Only a few years ago, China served as the largest market for Ford’s Lincoln brand. It has now fallen behind the U.S. market,

“China is a really important market,” Dianne Craig, the Lincoln CEO, said during an interview with Headlight.News. “and it’s a really important business, still, for (Ford) and Lincoln.”

But the fact that Ford’s Chinese assembly plants have been running at barely a quarter of their rated capacity was a key reason why the Detroit automaker decided to shift production of the new Nautilus to China.

More Chinese Auto News

What went wrong?

Nio battery swapping station

Chinese automaker Nio has gained ground by offering the ability to quickly swap batteries on its EVs.

Blame “complacency,” said Dunne. Detroit automakers, in particular, convinced themselves that the 200 or so domestic Chinese brands would never be able to gain momentum. And, for the most part, they were right. Scores of them have gone out of business – in many cases, under pressure from Beijing. But a select few have broken out. BYD, Geely, Great Wall and a handful of others have rapidly climbed the sales charts.

In more than a few instances, China watchers have suggested, they’ve been given a boost by the government. But they also were quick to seize upon emerging trends, such as the New Energy Vehicle program the federal government enacted in a bid to address China’s endemic smog problems.

Foreign brands were slow to embrace electrification and are now playing catch-up, even as plug-based vehicles – including PHEVs and all-electric BEVs – have captured a full 35% share of the Chinese market. Since just the beginning of 2021 vehicles powered by gasoline alone have lost 30 points of market share.

Tesla's Gigafactory in Shanghai

Tesla’s Gigafactory in Shanghai.

Tesla makes its move

Tesla is the American outlier.

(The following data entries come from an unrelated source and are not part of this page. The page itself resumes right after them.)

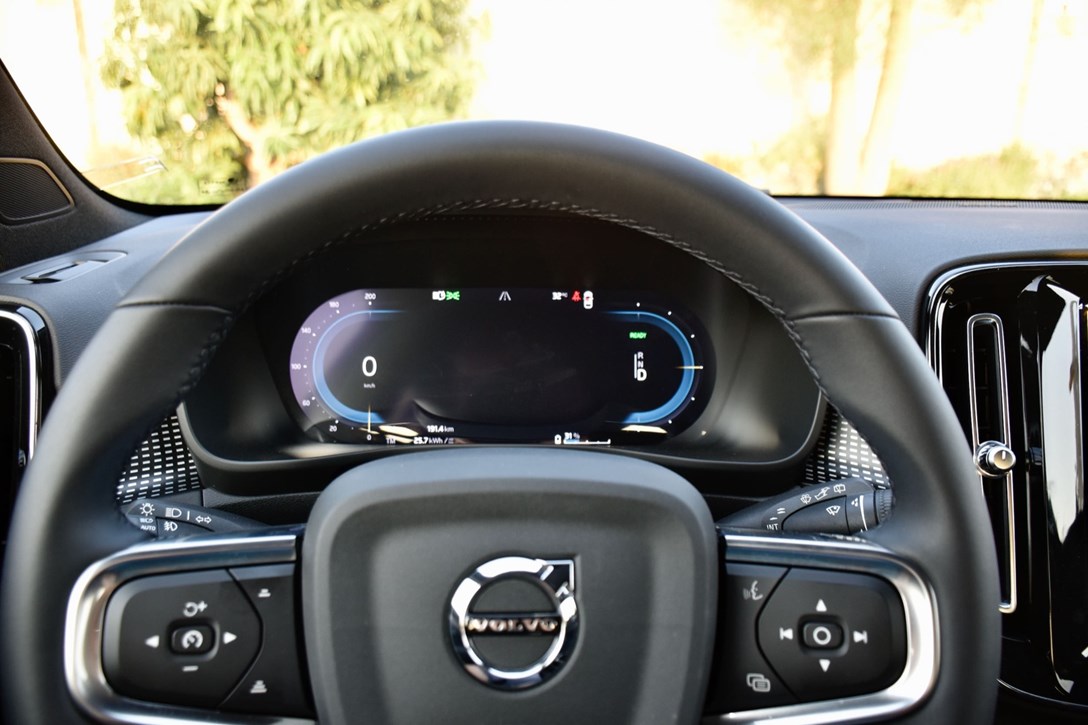 1649591-XC40R - 12.jpeg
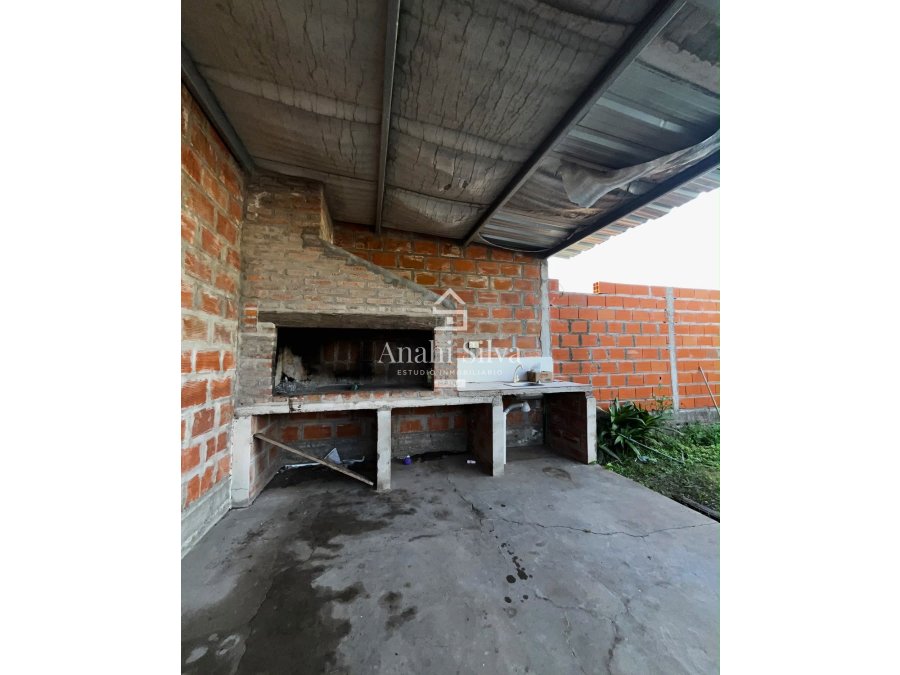 Casa en venta calle Neuquén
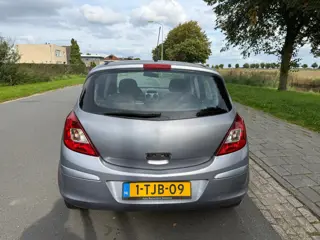 Foto 18 van Opel Corsa 1.2-16V '111' Edition AIRCO/CRUISE/APK 07-2027
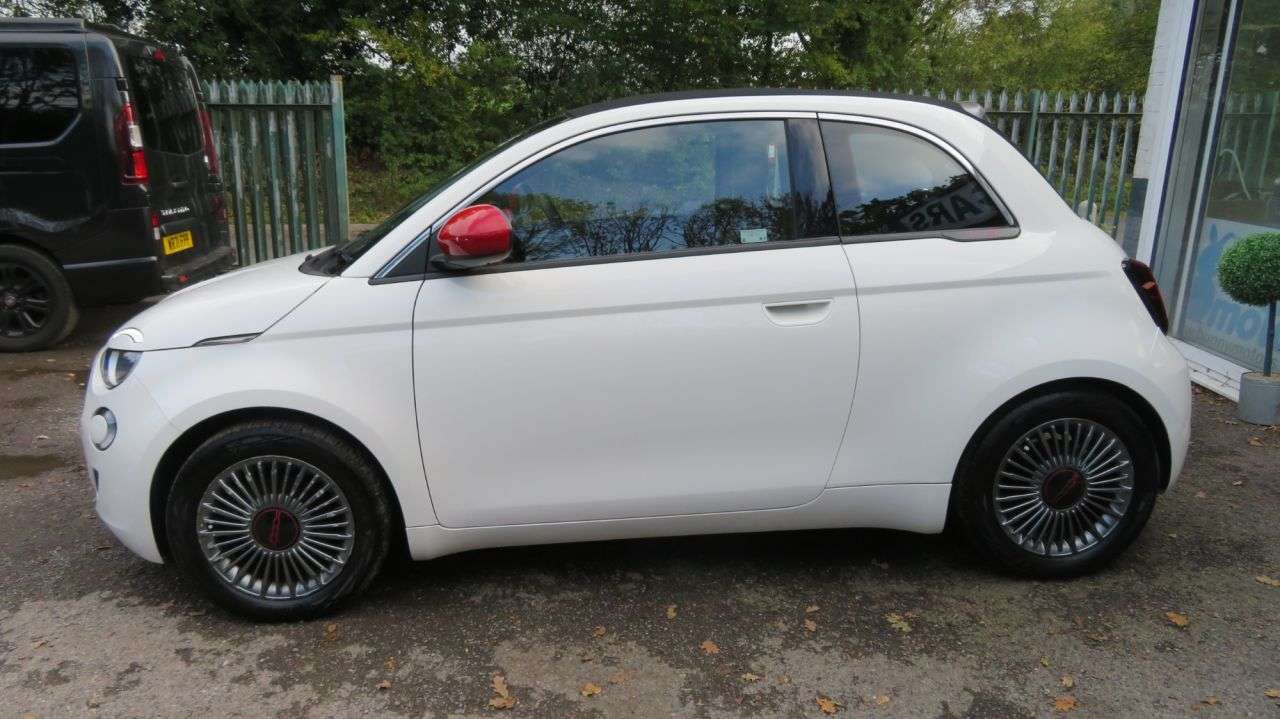 2022 FIAT 500E C 2022 FIAT 500E C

It opened its Gigafactory in Shanghai in 2019 and has ridden the NEV wave in China.

But even that U.S. manufacturer is struggling. While Tesla finished 2023 once again as the world’s largest EV manufacturer the victory was darkened by the fact that BYD outsold it during the fourth quarter. And that’s without having the benefit of competing in Tesla’s home market, the United States.

Now, it’s China’s turn

That may not be the case for long. BYD has had offices in Los Angeles for the better part of a decade and is strongly signaling plans to finally launch U.S. sales. Experts warn that its generally low-cost products could help it carve out a niche here at a time when the typical American EV is priced around $60,000, according to Cox Automotive data.

“The Detroit 3 still possess vast resources, technology, ingenuity and smart people. But they better start hustling, taking risks, inventing and working harder than their Chinese competitors,” said Dunne. “If not, they could face extinction – this time on their home turf.”